You might be interested in our reviews of the second season of Star Trek: Deep Space Nine:

4 Responses

  1. I really like this one, despite the fact that it’s not a technical masterpiece. I think it’s wonderfully subtle that the Skreean evoke the historic image of the Jews in the minds of anti-Semitic Europeans. The Bajorans seem to get the more positive archetypes related to the real-word Jews: they’re ancient, spiritual, righteous sufferers.

    This has the potential to be very uncomfortable, but I trust that the writers aren’t trying to say anything about real-world Jews. I think this episode uses the stereotypes related to the Jews to show how all people have the potential to be hypocrites, how we won’t help someone else out of the same bad situation that we have just been freed from. Of course, the sympathy is there; Kira sympathizes strongly with the Skreean. Maybe it’s more a comment about institutions and inevitability.

    • It’s a fair point about the Jewish stereotypes. Still, I felt a little uncomfortable. It would have been one thing to have Quark make those observations as groundless – as many of the rumours or propaganda about Jews people were. (And quite clever, given how you could argue the Ferengi themselves began as anti-Semitic stereotypes brought to life.)

      It feels altogether different to have the Skreean sort of conform to these stereotypes. Still, you make a good case. Even if the Jewish people conformed to anti-Semitic stereotypes and rumour-mongering, the prejudice would be unjustifiable. (And you’re right that the show does remain sympathetic to the Skreeans.)

  2. Robert again texts that Darren’s text needs to be checked by a human that uses the English language natively.
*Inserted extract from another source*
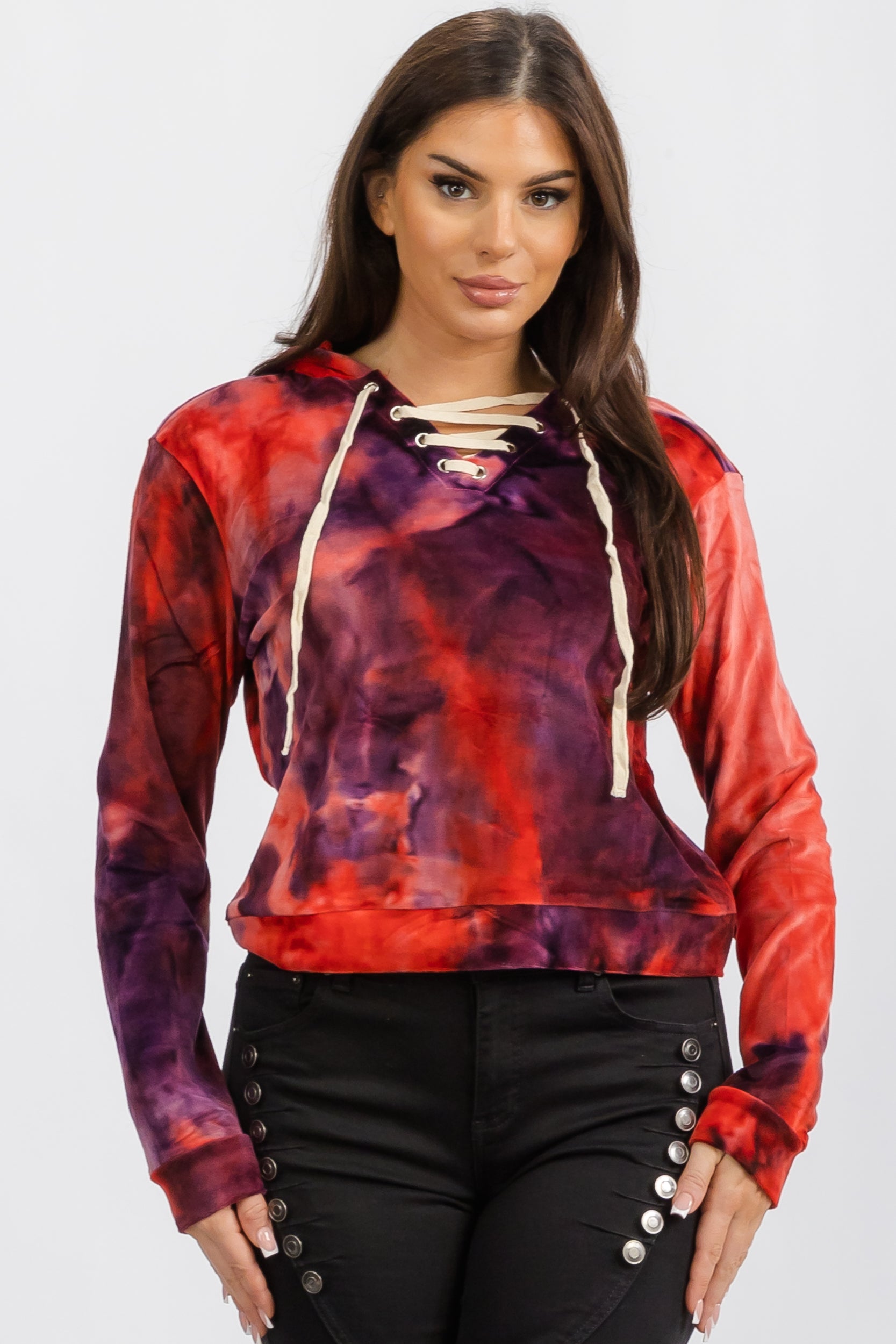 156612 - Tie-Dye Cropped Hoodie with Drawstring Detail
Another option is to spell check and grammar check the text in Microsoft WORD. The text “It would be directly introduced until The Jem’Hadar,…..” needs to be changed to ““It wouldn’t be directly introduced until The Jem’Hadar,…..”.

    • Good spot.

      That said, I do use the English language natively. However, the blog is not for profit, and thus I cannot afford a copy editor. (And Microsoft Word would not have caught the error in question.)

      I do try to maintain a high level of spelling and grammar, but the sheer volume of output on this blog (4,000 to 6,000 words a week day, on average) means that errors do slip through. When they are pointed out to me, I do endeavour to correct them as quickly as possible. However, like replying to comments, this is impaired by the fact that this is not my full-time job.